» **Work item**
Copy all the lines below without altering anything.
** Exercise input follows **
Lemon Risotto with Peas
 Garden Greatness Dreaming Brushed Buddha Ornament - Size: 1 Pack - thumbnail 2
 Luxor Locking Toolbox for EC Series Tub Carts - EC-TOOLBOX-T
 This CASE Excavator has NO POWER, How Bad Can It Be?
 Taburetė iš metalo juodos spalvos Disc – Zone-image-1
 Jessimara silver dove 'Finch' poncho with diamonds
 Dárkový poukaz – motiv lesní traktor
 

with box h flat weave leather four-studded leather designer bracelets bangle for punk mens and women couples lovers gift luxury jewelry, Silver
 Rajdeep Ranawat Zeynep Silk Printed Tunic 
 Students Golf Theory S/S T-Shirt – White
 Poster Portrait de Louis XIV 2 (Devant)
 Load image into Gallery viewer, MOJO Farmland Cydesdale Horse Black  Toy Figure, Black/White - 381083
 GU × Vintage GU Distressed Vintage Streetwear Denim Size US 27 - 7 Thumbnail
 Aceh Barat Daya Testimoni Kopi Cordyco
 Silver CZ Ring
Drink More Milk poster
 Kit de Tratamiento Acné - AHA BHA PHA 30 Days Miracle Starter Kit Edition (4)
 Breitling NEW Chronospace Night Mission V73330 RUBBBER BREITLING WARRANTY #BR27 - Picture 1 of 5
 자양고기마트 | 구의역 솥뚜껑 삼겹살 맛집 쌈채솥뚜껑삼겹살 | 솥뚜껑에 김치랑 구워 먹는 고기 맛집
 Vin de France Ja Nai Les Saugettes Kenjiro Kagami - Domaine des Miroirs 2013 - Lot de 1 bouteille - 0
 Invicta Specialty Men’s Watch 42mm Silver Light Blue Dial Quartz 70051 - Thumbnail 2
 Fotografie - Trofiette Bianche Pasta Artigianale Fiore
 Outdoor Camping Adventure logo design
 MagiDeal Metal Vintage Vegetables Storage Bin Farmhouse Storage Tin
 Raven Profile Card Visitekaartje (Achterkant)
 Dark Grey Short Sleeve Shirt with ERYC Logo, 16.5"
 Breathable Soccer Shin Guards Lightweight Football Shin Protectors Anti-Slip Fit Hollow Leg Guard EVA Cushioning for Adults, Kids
** End of Exercise input **
» **Answer to this exercise**
Lemon Risotto with Peas
 Garden Greatness Dreaming Brushed Buddha Ornament - Size: 1 Pack - thumbnail 2
 Luxor Locking Toolbox for EC Series Tub Carts - EC-TOOLBOX-T
 This CASE Excavator has NO POWER, How Bad Can It Be?
 Taburetė iš metalo juodos spalvos Disc – Zone-image-1
 Jessimara silver dove 'Finch' poncho with diamonds
 Dárkový poukaz – motiv lesní traktor
 

with box h flat weave leather four-studded leather designer bracelets bangle for punk mens and women couples lovers gift luxury jewelry, Silver
 Rajdeep Ranawat Zeynep Silk Printed Tunic 
 Students Golf Theory S/S T-Shirt – White
 Poster Portrait de Louis XIV 2 (Devant)
 Load image into Gallery viewer, MOJO Farmland Cydesdale Horse Black  Toy Figure, Black/White - 381083
 GU × Vintage GU Distressed Vintage Streetwear Denim Size US 27 - 7 Thumbnail
 Aceh Barat Daya Testimoni Kopi Cordyco
 Silver CZ Ring
Drink More Milk poster
 Kit de Tratamiento Acné - AHA BHA PHA 30 Days Miracle Starter Kit Edition (4)
 Breitling NEW Chronospace Night Mission V73330 RUBBBER BREITLING WARRANTY #BR27 - Picture 1 of 5
 자양고기마트 | 구의역 솥뚜껑 삼겹살 맛집 쌈채솥뚜껑삼겹살 | 솥뚜껑에 김치랑 구워 먹는 고기 맛집
 Vin de France Ja Nai Les Saugettes Kenjiro Kagami - Domaine des Miroirs 2013 - Lot de 1 bouteille - 0
 Invicta Specialty Men’s Watch 42mm Silver Light Blue Dial Quartz 70051 - Thumbnail 2
 Fotografie - Trofiette Bianche Pasta Artigianale Fiore
 Outdoor Camping Adventure logo design
 MagiDeal Metal Vintage Vegetables Storage Bin Farmhouse Storage Tin
 Raven Profile Card Visitekaartje (Achterkant)
 Dark Grey Short Sleeve Shirt with ERYC Logo, 16.5"
 Breathable Soccer Shin Guards Lightweight Football Shin Protectors Anti-Slip Fit Hollow Leg Guard EVA Cushioning for Adults, Kids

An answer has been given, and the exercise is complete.